Superman began his public life in the very first issue of Action Comics in June, 1938, but he was created by Mr. Siegel five years earlier in an amateur fan magazine as a villain with supernatural powers. A year later, according to Mr. Siegel who has perhaps embellished the story over the last dozen years, the idea of a superhero from another planet who came to earth as a baby, who could defy the laws of gravity, and who was committed to Justice and The American Way, came to him whole one night. The next day he talked his 18-year-old friend, Joe Shuster, into doing the drawings.

Mr. Siegel had created the archetypical fantasy hero out of ''The Mark of Zorro'' and ''The Scarlet Pimpernel,'' and the science fiction he had read avidly as a 12-year-old. He was also influenced by memories of Rudolph Valentino in ''The Eagle.'' He would never be so lucky again. Slam Bradley and Funnyman (who fought evil with weapons attached to his clown costume) and half a dozen other attempts would end in failure. Eventually he would have to sell his treasured early copies of Action Comics, today worth as much as $4,000 apiece, in order to buy food and pay the rent.

Mr. Shuster speaks of himself and Mr. Siegel as ''both the Clark Kent type.'' ''I had crushes on all the attractive girls in high school,'' adds Mr. Siegel. ''I kept thinking that if I had superpowers I'd bowl them over.'' As in ''The Scarlet Pimpernel,'' Superman had an alter ego, Clark Kent, a coward subject to fainting spells. Although a number of fictional heroes have secret identities, Superman was unique in that his heroic identity that was real. As Jules Feiffer, the cartoonist, has phrased it, ''The fellow with the eyeglasses and the acne and the walk girls laughed at didn't exist....his fake identity was our real one. That's why we loved him so. For if that wasn't really us, if there were no Clark Kents, only lots of glasses and cheap suits which, when removed, revealed all of us in our true identities -what a hell of an improved world it would have been!''

For two or three years, Superman was turned down by the newspaper syndicates. The supreme comic book character had to await the invention of original comic books in 1937. Detective Comics Inc. paid Mr. Siegel and Mr. Shuster $10 a page for their first 13-page story. They signed a release form selling the character to the publisher and split the check.

The dashing Zorro, personified in silent movies by Douglas Fairbanks, had been a progenitor of Superman. Oddly enough, nearly 40 years later, it was a poster of Zorro that led Ilya Salkind to seek the movie rights to Superman.

''I was walking down a street in Paris in 1974 and I saw a poster advertising Zorro,'' Mr. Salkind says. ''The next day out of the blue I said to my father, 'Let's do Superman.' ''

Where Mrs. Siegel dreams of opulent living, the Salkinds practice it. International entrepreneurs, they stay at the best hotels on three continents and have a fine skill for raising money in half a dozen languages. In 1974, Ilya Salkind, then 26, and his father, Alexander, had just finished their ''The Three Musketeers'' and ''The Four Musketeers'' and were weathering threatened court suits by Charlton Heston, Raquel Welch, and other of the movies' stars over their decision to cut a single movie into two films. Now they were looking around for something to do next.
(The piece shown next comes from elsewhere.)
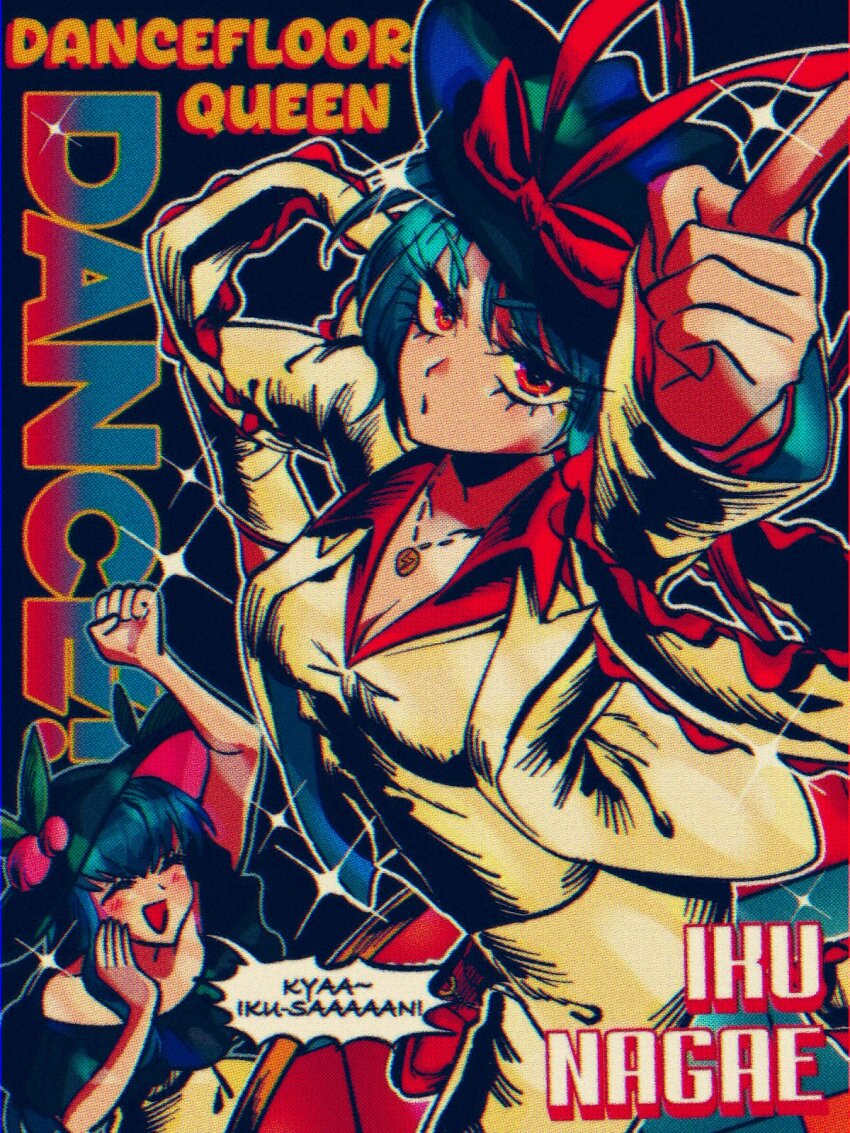 2girls alternate_costume black_hat blue_hair bow commentary english_text hat hat_bow highres hinanawi_tenshi jacket jewelry long_sleeves looking_at_viewer mememedama10 multiple_girls nagae_iku pants peach_hat_ornament pendant pointing pointing_up poster_(medium) red_bow red_eyes short_hair solo_focus touhou white_jacket white_pants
Although, according to Mr. Salkind, his renewable options on the Superman character will eventually cost $6 million, the initial payment was less than half of that. National Periodical Publications consulted Warner Bros. before selling. ''They were told to go ahead and sell, that 'Superman' wasn't such a hot property.''

The boredom with which Hollywood regarded Superman in 1974 had nothing to do with the character's ability to make money. Now published in 38 countries and 15 languages, Superman had almost single-handedly created the action-adventure comic book in 1938.

By 1940 there was a three-times-weekly radio serial; in 1941 an animated cartoon series done by Max Fleischer; in 1942 a novel by George Lowther; in 1948 and 1950, 15-episode Columbia serials starring Kirk Alyn. George Reeves then starred in a theatrical film, ''Superman and the Mole Men,'' in 1951 and in a Superman television series from 1951 to 1957. The first Superman product was licensed over 37 years ago. According to Licensing Corporation of America, which had held the rights since 1960, in the last decade the Superman property has grossed over $1 billion in goods and services.

The problem, as surveyed by Hollywood's cold-eyed financiers, was that all the comic books, bubble gum cards and lunch boxes were sold to children, not to adult moviegoers. One attempt to make the character appeal to adults -a 1966 Broadway musical written by Robert Benton and David Newman -had been a commercial flop.

Coincidental with the Salkinds' purchase of the rights to Superman, George Lucas was planning ''Star Wars.'' ''Star Wars'' would prove the box office potential of mythic heroes; with its release in May 1977, Hollywood executives would begin cannibalizing the comic strips.

Academy-Award-winning screenwriter William Goldman was asked to write the script and refused. The Salkinds' bankers demanded a star to play Superman; so the role was offered to Robert Redford and Burt Reynolds, who refused. Eventually Guy Hamilton, director of some James Bond movies, agreed to direct, and Mario Puzo, author of ''The Godfather,'' to write the script. But after what Mr. Salkind describes as ''five months of running back and forth from Europe to Los Angeles,'' he still had no actors. And no American studio was interested in co-financing or distributing the movie.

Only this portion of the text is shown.